Various evaluation techniques can be leveraged during an inspection to determine the location and extent of cracking, and to evaluate the general condition of the concrete. These methods include visual inspections and nondestructive evaluation techniques such as impact-echo [2], ultrasonic [3], acoustic emission [4], and ground penetrating radar [5] methods. The advantage of leveraging nondestructive evaluation techniques during inspections is in their quantitative nature that can validate the subjective judgment of an inspector, but they yet require highly trained agents and expensive equipment. It must also be noted that inspections are typically conducted at fixed intervals, and it follows that they do not guarantee that critical damage will be detected timely.

A solution is the implementation of automated monitoring solutions, also known as structural health monitoring (SHM). Conventional SHM approaches to crack monitoring include resistive strain gauges [6], vibrating wires [7], and linear variable differential transformers [8]. While each technology has demonstrated success in certain conditions, they are limited by relatively small gauge lengths that impede their practicality for the monitoring of large-scale surfaces.

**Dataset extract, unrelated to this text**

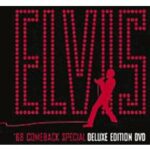 Elvis Presley - '68 Comeback Special - Disc 1 (DVD)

Recently, electro-mechanical impedance (EMI) techniques using piezoelectric transducers (PZT) have been studied for real-time crack monitoring and early-damage detection [9]. These sensors exhibit a high sensitivity to crack growth. However, the disadvantage of PZTs is that they have low interface compatibility and poor durability when used for monitoring concrete structures [10]. Fiber optic sensors (FOS) that can be multiplexed for a long distance and immune to electromagnetic interference have gained popularity since the 1990s [11] to map cracks over large areas for both surface [12] and embedded [13] applications. Nevertheless, FOS technologies are still expensive to deploy, can be brittle, are challenging to bond onto surfaces, and embedment is limited to new retrofits and constructions.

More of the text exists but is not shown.